The audiobook is also available at all these vendors, and is also free with a 30-day trial membership to Audible.
 

"Not simply about one mission, [Genesis] is also the history of America's quest for the moon... Zimmerman has done a masterful job of tying disparate events together into a solid account of one of America's greatest human triumphs."--San Antonio Express-News

10 comments

  • James Street

    I’m betting this will be the way most companies go. If you don’t want to be vaxxed hold off until the last possible moment and your company will probably fold.

  • Jeff Wright

    Nice photo-where is that nose section?

  • Jay

    That one is at Narita Airport in Tokyo. At first I thought I thought they chopped the first prototype “City of Everett”, but that plane on display is still whole at the Boeing Museum of Flight south of Seattle. They both have the red stripes and the airline stickers. I highly recommend that museum, it has a great collection. I still think it should have gotten one of the space shuttles, but that is another story…

  • Neoluddite

    I wonder if Boeing has come to the same realization as another company I am familiar with: The vaccine resistors may be a small percentage of total employees, but they are the majority of the independent, original thinkers that drive innovation.

  • wayne

    Neoluddite-
    following on that thought…..

    Pareto Distribution & Price’s Law
    Dr. Jordan Peterson
    https://youtu.be/BZMBdRfbk6A
    13:31

    “Price’s Law; The square root of the number of people in a productive domain produce half the output.”

  • wayne

    and on a more poetic note….

    Jordan Peterson / Akira The Don ??
    “Those Who Have Everything”
    https://youtu.be/68X3w6uFwyw
    5:34

    “To those who have everything more will be given
    And from those who have nothing everything will be taken.”

  • Edward

    Jay,
    The Museum of Flight dropped the Boeing name. I also highly recommend it for anyone visiting the area.
    https://www.museumofflight.org

    In addition, Boeing has a tour of their factory, also in the Seattle area, and I recommend this, too.
    https://www.boeing.com/company/tours/

  • Jay

    Edward,
    When did the name change happen? I think the last time I was at the museum was in 2015.

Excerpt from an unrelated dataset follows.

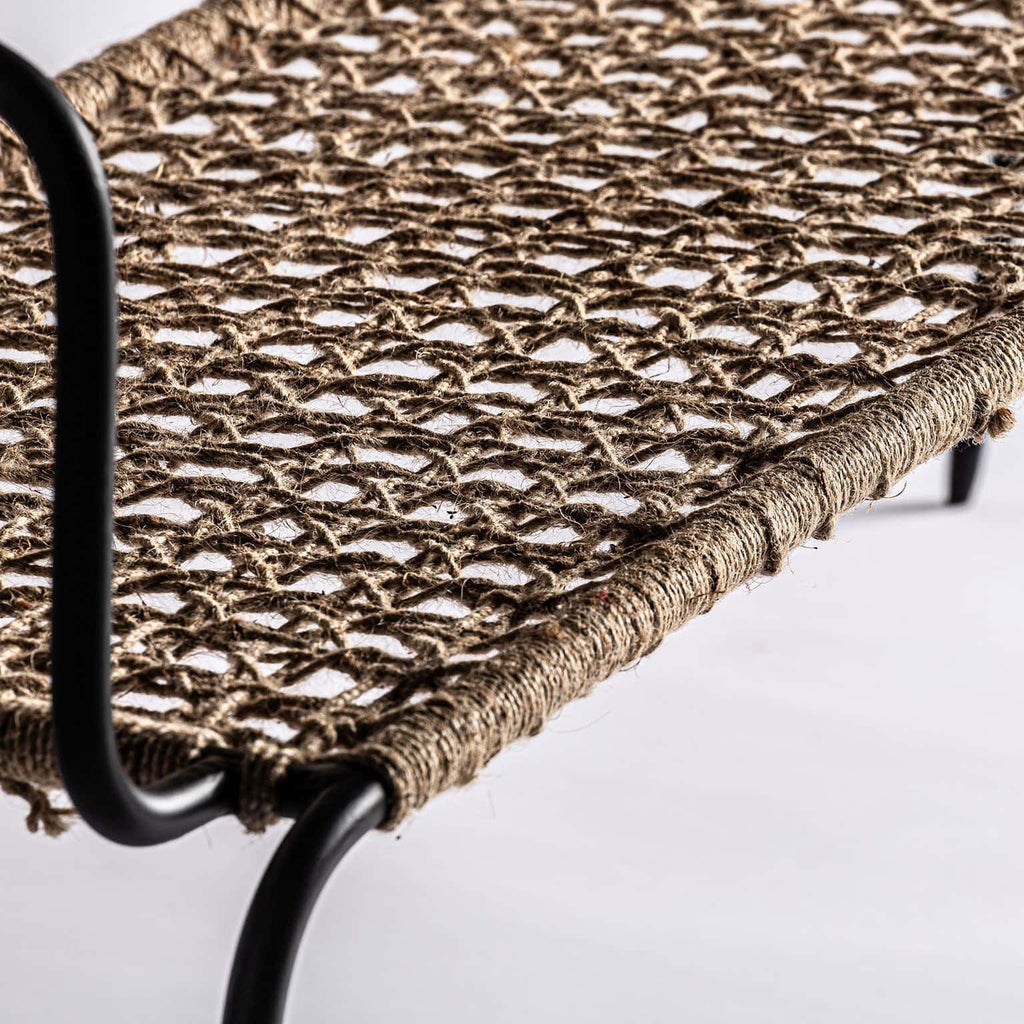 Sofa aus Jute in einem schwarzen Gestell aus Eisen - Maison Oudh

    If you ever go into section or gallery about WWII planes and you see a cutaway Jumo-004 jet engine, I can tell you the history of that engine. I tried telling the people of the museum, but they did not care.
    That is the first captured jet engine by US forces. It was sent to Wright-Patterson AFB for analysis then sent to the University of Idaho for testing. In the 60’s the engineering school was getting rid of it and a student bought it for $1.00. That student went on to get a PhD, worked in industry and taught in the public schools. He later returned to his U of I to teach there.
    He cut away sections from the jet engine added a motor and lights to demonstrate the theory to his students. That doctor was my advisor and when they closed that department in the school, he donated the engine to the museum. I still have a copy of his thesis on what he was doing with the jet engine somewhere around here.

  • wayne

    Jay–
    Great back-story!!

  • Edward

    Jay,
    You asked: “When did the name change happen? I think the last time I was at the museum was in 2015.

    They were not using the name “Boeing” in 2013, when I was there. Looking at that bastion of truth and accuracy, Wikipedia, I see that “Boeing” may never have been part of the name, so I may have been wrong that they dropped the name that they may have never had.
    https://en.wikipedia.org/wiki/Museum_of_Flight#History

    The Museum of Flight can trace its roots back to the Pacific Northwest Aviation Historical Foundation, which was founded in 1965 to recover and restore a 1929 Boeing 80A-1 … In 1968, the name “Museum of Flight” first appeared in use in a 10,000-square-foot facility, rented at the Seattle Center. Planning began at this time for a more permanent structure, and preliminary concepts were drafted.

    If it never had “Boeing” as part of its name, then why would so many people think it does? Perhaps because it has focused so heavily on Boeing aircraft, is located next door to a Boeing airfield, and incorporate’s Boeing’s Red Barn building.